La loi ou la force

S’il n’en tenait qu’à l’ancien premier ministre Jean Chrétien, à son fidèle et influent ministre John Manley et à son collaborateur de toujours Eddie Goldenberg, le Canada devrait proposer à la Chine un échange de prisonniers, rien de moins. Ottawa ignorerait la demande américaine d’extradition de la numéro deux du géant chinois Huawei, Meng Wanzhou et la laisserait repartir vers la Chine tandis que Pékin libérerait les Canadiens Michael Kovrig et Michael Spavor, détenus de façon arbitraire depuis plus d’un an.

Cette solution épargnerait bien sûr plus de souffrances aux deux Michael. Elle permettrait aussi, espèrent ceux qui en font la suggestion, de rétablir des relations, aujourd’hui plus que tendues, entre les deux pays depuis l’arrestation de Mme Meng à Vancouver, le 1er décembre 2018. Mais quel serait le prix de cette accalmie ?

Selon la Chine, les accusations américaines sont sans fondement et la demande d’extradition est une manoeuvre politique de Washington en lien avec son bras de fer commercial avec Pékin. Ce ne sont toutefois pas les Américains qui subissent depuis les foudres chinoises, mais le Canada et ses ressortissants. Depuis décembre 2018, MM. Kovrig et Spavor sont derrière les barreaux en Chine, dans des conditions difficiles, sans accès à leurs familles ni à leurs avocats. Pékin a aussi exercé des représailles économiques contre plusieurs produits agricoles canadiens. Ils ont levé certaines sanctions, mais maintiennent celles contre le canola.

Malgré ces pressions intenses et l’inquiétude persistante à l’égard du sort des deux Canadiens, le gouvernement Trudeau a refusé de plier. Le Canada est un pays où la primauté du droit est la règle et elle va le rester, a encore répété le premier ministre Justin Trudeau mardi, à l’issue de la retraite de trois jours de son cabinet à Winnipeg.

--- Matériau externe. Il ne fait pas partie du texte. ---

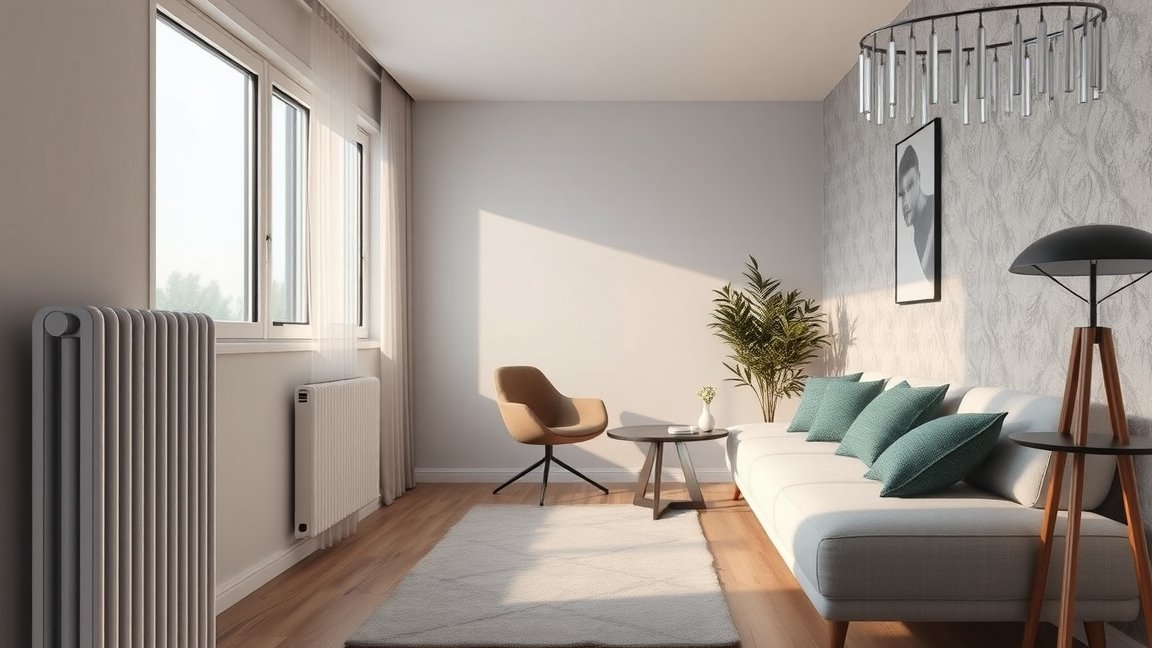Modern nappali radiátorral és világítással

Il n’a pas le choix, car céder au chantage chinois viendrait conforter Pékin dans sa conviction que les autorités politiques ont depuis le début la haute main sur cette affaire et que l’indépendance judiciaire invoquée par Ottawa n’est que de la frime. En plus, cela cautionnerait, qu’on le veuille ou non, la primauté de la force et non du droit.

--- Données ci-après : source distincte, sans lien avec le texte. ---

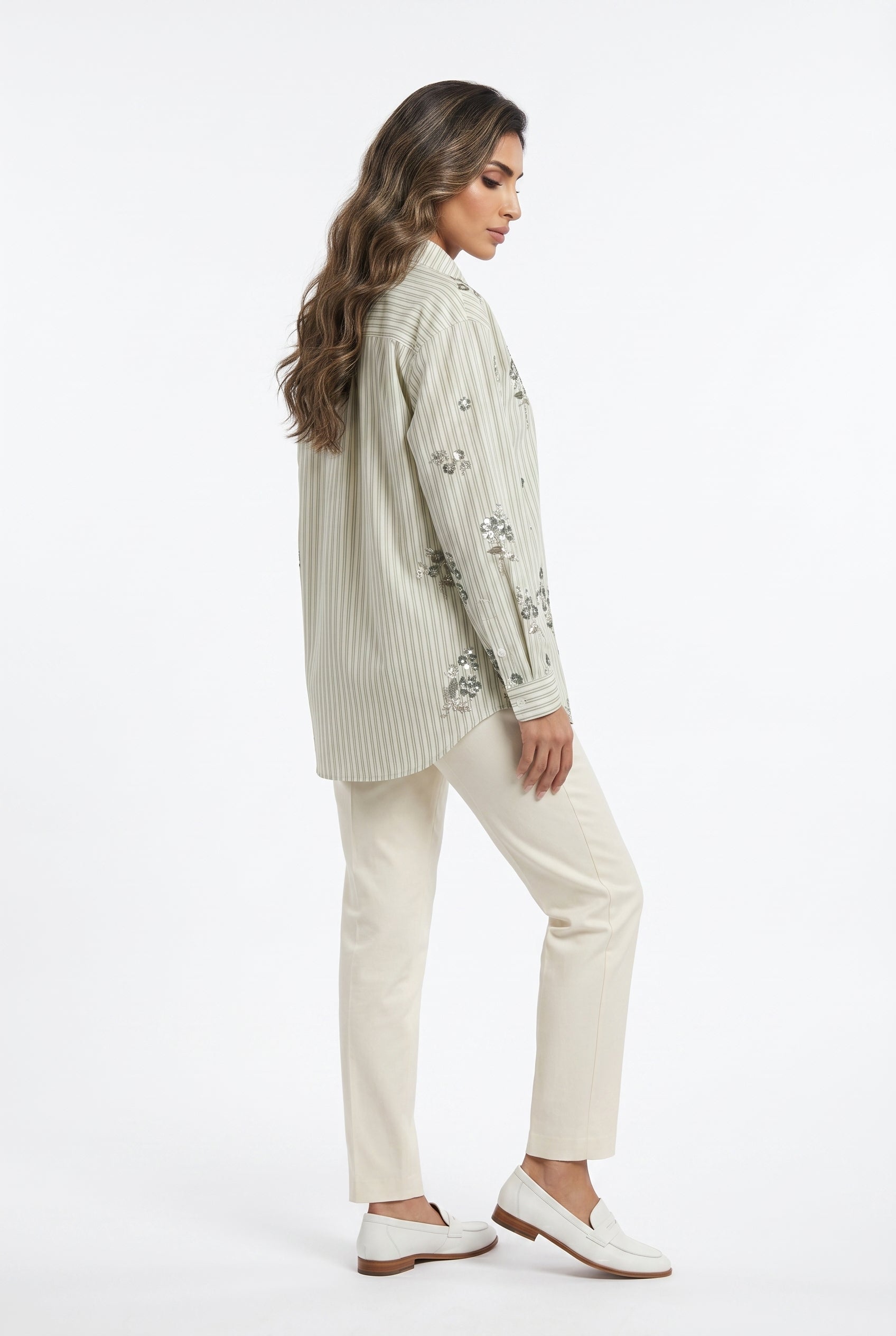 Anais Floral Embroidered Striped Shirt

Il est vrai que la loi canadienne gouvernant l’extradition dit que le ministre de la Justice « peut à tout moment annuler l’arrêté [et que] le tribunal est alors tenu d’ordonner la mise en liberté de la personne et d’annuler les ordonnances relatives à la liberté provisoire et à l’incarcération ». Il faut toutefois choisir son moment. Le faire maintenant battrait de vitesse les tribunaux déjà saisis du dossier, ce qui enverrait le message que le respect de l’indépendance du système judiciaire est à géométrie variable et fonction du pouvoir d’intimidation d’un pays.

Ce cas est suivi de près à travers le monde, car nombre de pays craignent les méthodes de plus en plus musclées du président chinois à vie Xi Jinping dans ses relations internationales. Et dans ce cas-ci, on parle littéralement de prise en otage de deux citoyens canadiens innocents et de secteurs entiers de notre économie.

On peut en vouloir aux Américains d’avoir mis le Canada dans un tel pétrin pendant qu’ils concluaient un accord commercial avec la Chine, mais les États-Unis demeurent notre voisin, notre premier partenaire commercial et, surtout, une démocratie dotée d’un système de justice digne de ce nom. Ce qui n’est pas le cas de la Chine. Alors que les deux Michael ignorent tout de leur sort et sont confinés à leur geôle, Mme Meng a des recours et les exerce depuis sa confortable demeure où elle est en résidence surveillée.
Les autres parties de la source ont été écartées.